P713:2, 63:3.2 Andon and Fonta had nineteen children in all, and they lived to enjoy the association of almost half a hundred grandchildren and half a dozen great-grandchildren. The family was domiciled in four adjoining rock shelters, or semicaves, three of which were interconnected by hallways which had been excavated in the soft limestone with flint tools devised by Andon's children.
P713:3, 63:3.3 These early Andonites evinced a very marked clannish spirit; they hunted in groups and never strayed very far from the homesite. They seemed to realize that they were an isolated and unique group of living beings and should therefore avoid becoming separated. This feeling of intimate kinship was undoubtedly due to the enhanced mind ministry of the adjutant spirits.
P713:4, 63:3.4 Andon and Fonta labored incessantly for the nurture and uplift of the clan. They lived to the age of forty-two, when both were killed at the time of an earthquake by the falling of an overhanging rock. Five of their children and eleven grandchildren perished with them, and almost a score of their descendants suffered serious injuries.

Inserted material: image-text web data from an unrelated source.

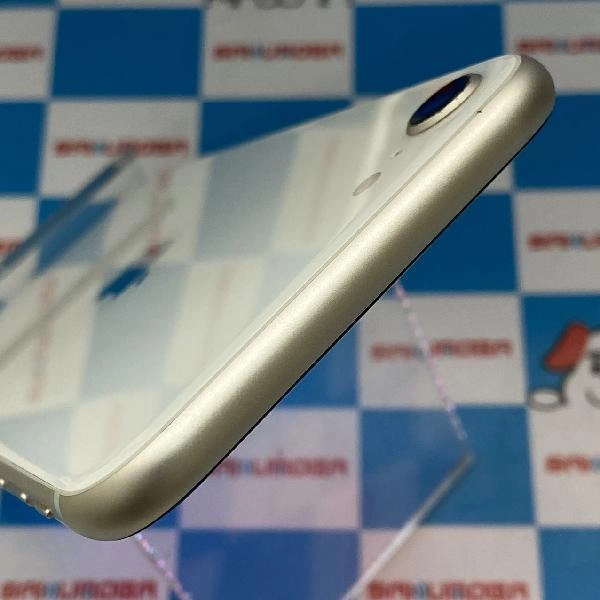 iPhoneSE 第3世代 docomo版SIMフリー 64GB MMYD3J/A A2782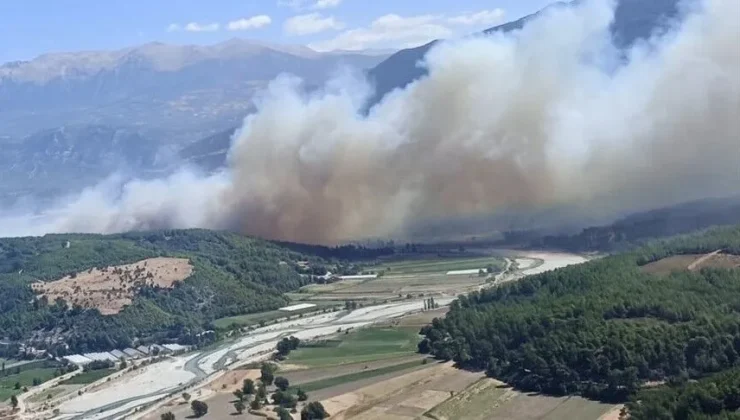 Muğla’da başlayan orman yangını Antalya’ya sıçradı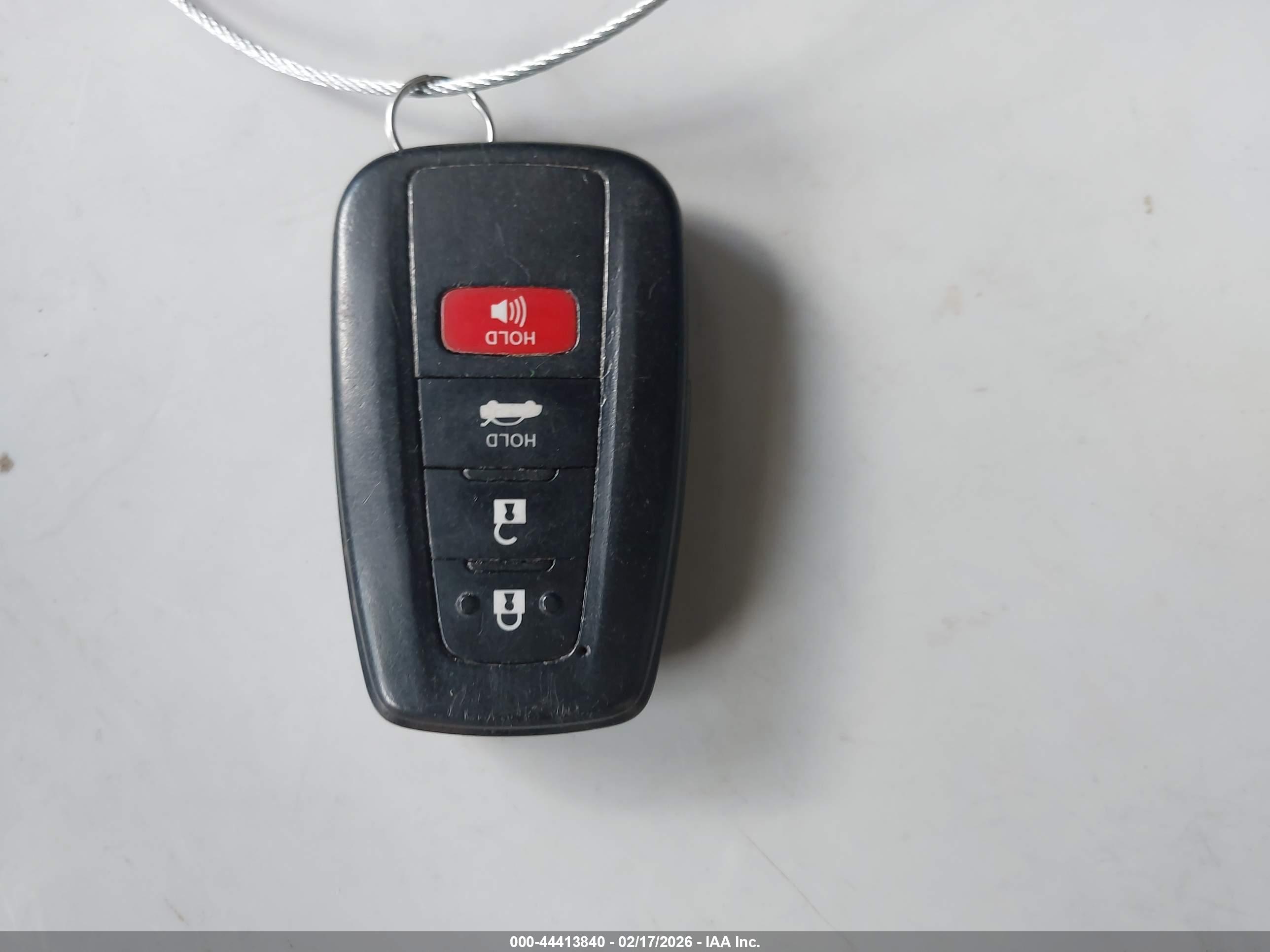 TOYOTA CAMRY image 11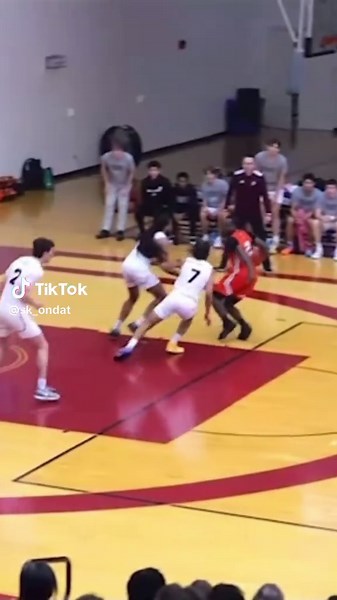 I just witnessed a crime😳#fyp #basketball #dunk #college #athlete | Basketball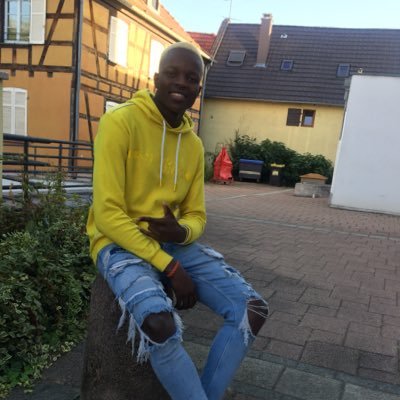 Lmh61437066's profile picture. Très simple et ambitieux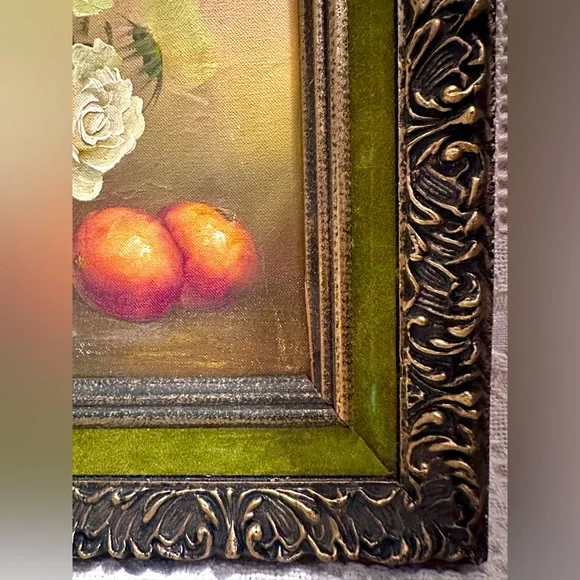 Original Oil Painting on Canvas “Roses In A Vase” Black & Gold Frame Signed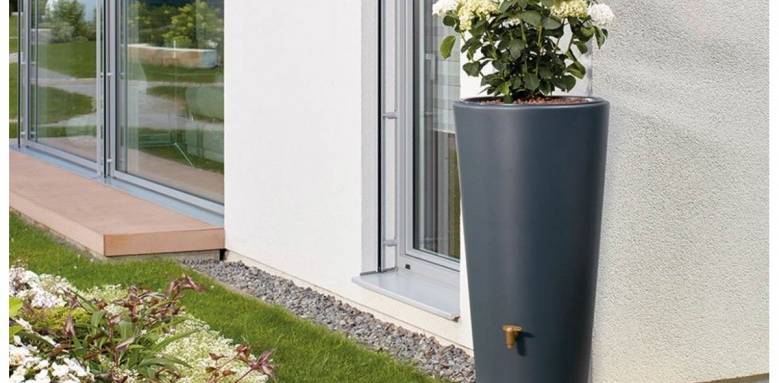 Récupérateur d'eau de pluie usage saisonnier format vase géant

P713:5, 63:3.5 Upon the death of his parents, Sontad, despite a seriously injured foot, immediately assumed the leadership of the clan and was ably assisted by his wife, his eldest sister. Their first task was to roll up stones to effectively entomb their dead parents, brothers, sisters, and children. Undue significance should not attach to this act of burial. Their ideas of survival after death were very vague and indefinite, being largely derived from their fantastic and variegated dream life.
P713:6, 63:3.6 This family of Andon and Fonta held together until the twentieth generation, when combined food competition and social friction brought about the beginning of dispersion.